Elon Musk’s Government Takeover: Welcome to the DOGE-ocracy
By Justin Jest – Gonzo Journalist, Reluctant Realist, Connoisseur of Chaos
The world’s richest man now runs half the U.S. government, and the other half is too scared—or too spineless—to stop him.
Elon Musk, tech emperor, AI prophet, Twitter’s erratic landlord, and now the most powerful unelected official in American history, stood in the Oval Office this week and casually declared war on the federal workforce. With President Trump’s blessing, Musk has been handed the keys to a demolition project the likes of which Washington has never seen.
His mission? Dismantle, automate, and privatize everything in sight.
The Musk Method: Burn It Down, Ask Questions Later
Musk’s U.S. DOGE Service (the name alone sounds like a joke, but the consequences are dead serious) has been swinging an axe through federal agencies like a deranged lumberjack on a caffeine bender. USAID? Gutted. Government hiring? Frozen. His goal, he claims, is to slash trillions in “waste and fraud,” though evidence of this supposed fraud remains as elusive as a fully self-driving Tesla.
“If the bureaucracy’s in charge, then what meaning does democracy actually have?” Musk mused in the Oval Office, sounding more like a Bond villain than a government reformer.
The Twitter Playbook, Now at Federal Scale
Anyone paying attention saw this coming the moment Musk took over Twitter. His first move? Fire nearly everyone, lock out employees, and let the whole thing run on fumes. The same strategy is now playing out in Washington. Last week, USAID employees showed up to work and found themselves locked out of their own offices.
Sound familiar?
Musk isn’t reforming the system—he’s gutting it at warp speed, and he’s admitted he doesn’t even care if he gets things wrong.
“Some of the things that I say will be incorrect and should be corrected,” he shrugged. A fine sentiment if you’re beta-testing an app, but not if you’re screwing with Social Security payments and military payrolls.
A Data Empire Without Oversight
Here’s where things get truly terrifying. Musk now has access to government data—real, sensitive, classified data—without meaningful oversight. His engineers have already tapped into Treasury Department payment systems, meaning he could, in theory, control when and how the federal government pays its bills.

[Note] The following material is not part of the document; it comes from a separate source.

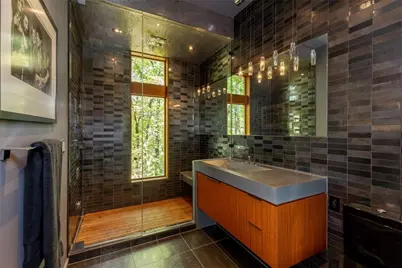 9030 Old Southwick Pass, Alpharetta, GA 30022 - Photo 34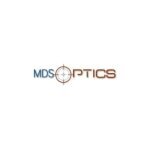 MDS Optics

A federal judge warned that Musk’s reach into government infrastructure could cause “irreparable harm.” But so far, Musk is operating with the legal equivalent of god mode enabled.
And why?
Nobody knows. Not the courts, not Congress, not the watchdog groups screaming about constitutional violations. Not even Musk himself, probably.
The Billionaire Takeover of American Government
The only thing certain about the DOGE Service is that it answers to one person: Elon Musk.
Legal experts argue that Musk’s entire operation might be unconstitutional—an unelected tech mogul rewriting government structures that Congress authorized. Even if some of Musk’s ideas have merit, the simple fact remains: He was never elected. He wasn’t appointed through the proper channels. Yet, here he is, with more power over government operations than most Cabinet members.
His defenders in Congress say this is exactly what America voted for—a total system overhaul, even if it’s done at breakneck speed by a billionaire with a God complex.
But others aren’t buying it.
“We don’t have a fourth branch of government called Elon Musk,” Rep. Jamie Raskin (D-Maryland) declared at a protest.
Maybe not. But in the reality-distorting forcefield of 2025, we’re living in something close to it.